The five-fold cross validation mainly aims to illustrate the robustness of the model, and the model has stability. In the five-fold cross validation, the invention shows stable high sensitivity and specificity in each test set. The test set contained 1472 citations for RCT classes and 15,323 citations for non-RCT classes, totaling 16,794 documents.

The accuracy in the case study evaluation set was 95%, the sensitivity was 93%, and the specificity was 95%. The sensitivity of 93% was better in case studies than each individual BERT model. Without further measures and with the full acceptance of the accuracy of the invention, the present invention would avoid manual screening of 14,650 of 16,794 citations, resulting in a 87% reduction in workload. The final model parameters are obtained by taking all data as a training set, and the evaluation parameters of the model take the average model evaluation parameters of the five-fold cross validation as the final evaluation parameters of the model.

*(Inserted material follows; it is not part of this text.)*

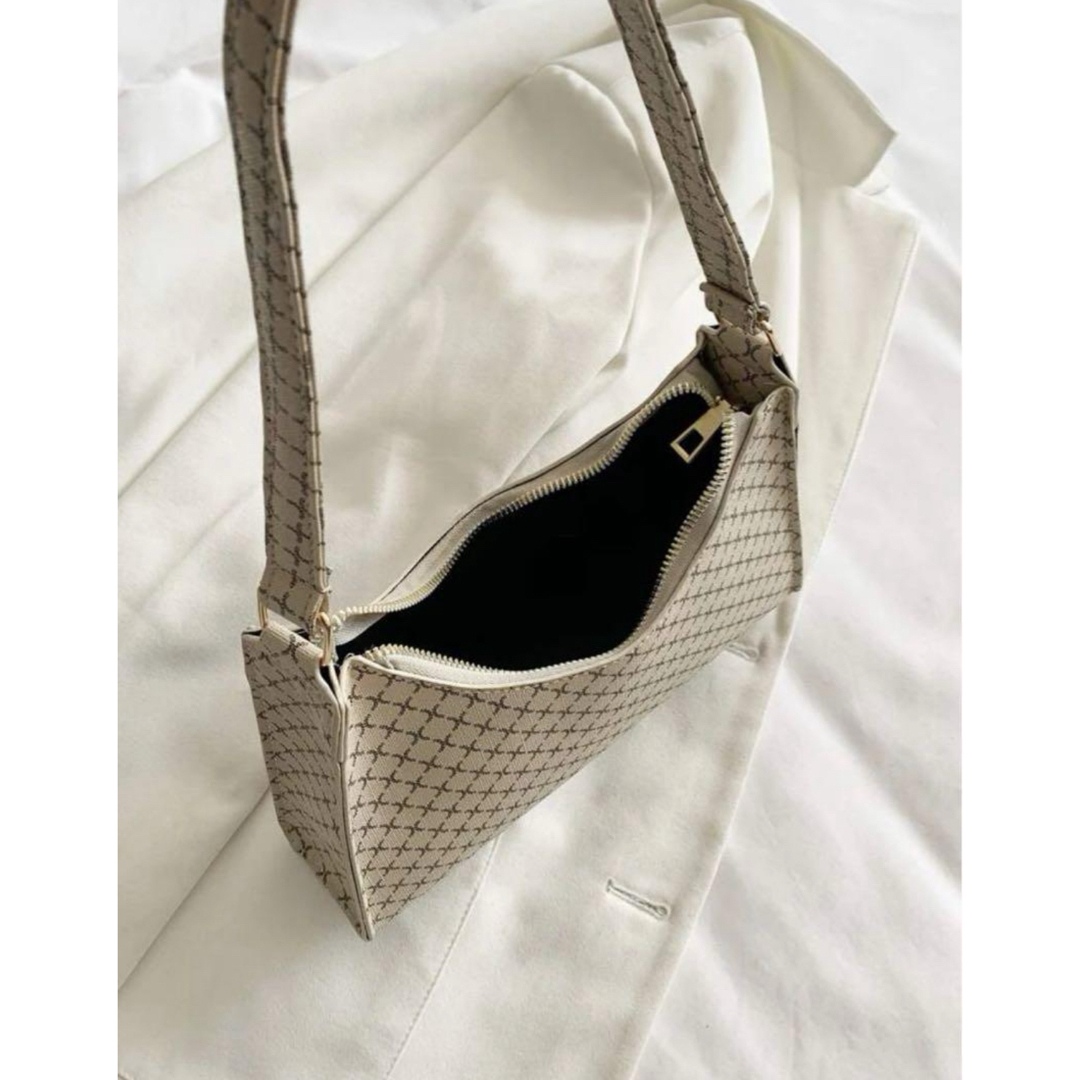 SHEIN(シーイン)のSHEIN オールオーバー幾何学模様 グラフィック バゲットバッグ レディースのバッグ(ハンドバッグ)の商品写真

The mean values of the five-fold cross validation results of RCT types recognized by different NLP methods are shown in Table 1:

table 1: five-fold cross validation result mean value for identifying RCT classes by different NLP methods

The five-fold cross validation results for identifying RCT classes are shown in Table 2:

table 2: identifying five-fold cross-validation results of RCT classes

The present invention is capable of other embodiments, and various changes and modifications may be made by one skilled in the art without departing from the spirit and scope of the invention.

Claims

1. A random control test identification method integrating a plurality of BERT models based on LightGBM is characterized by comprising the following steps:

step s 5: classifying the training set text and the development set text into RCT classes and non-RCT classes by using the trained 4 BERT models;

step s 6: training a LightGBM model;

2. The LightGBM-based random control trial identification method of integrating multiple BERT models according to claim 1, wherein: the text includes a title and a summary, and the initial classification tags include an RCT class and a non-RCT class.

3. The LightGBM-based random control trial identification method of integrating multiple BERT models according to claim 1, wherein:

in step s1, the segmentation comprises the steps of:

step s 101: dividing the initial RCT data into 5 disjoint data sets;

4. The LightGBM-based random control trial identification method of integrating multiple BERT models according to claim 1, wherein: the 4 BERT models are BIO-BBUPC, BIO-BBUPP, SCI-BBU and BBU respectively, and the 4 BERT models are used as base classifiers.

5. The LightGBM-based random control trial identification method of integrating multiple BERT models according to claim 1, wherein: in step s5, each text in the training set and each text in the development set are classified by a BERT model to obtain a 2-dimensional vector as a classification result, and each text in the training set and each text in the development set are classified by 4 BERT models to obtain an 8-dimensional vector.

6. The LightGBM integrated multiple BERT model based random control trial identification method of claim 5, wherein: in step s6, the LightGBM model is trained using the 8-dimensional vector data and the training set initial classification labels after the training set text and the development set text are converted, and the LightGBM model hyper-parameter is adjusted step by adopting five-fold cross validation.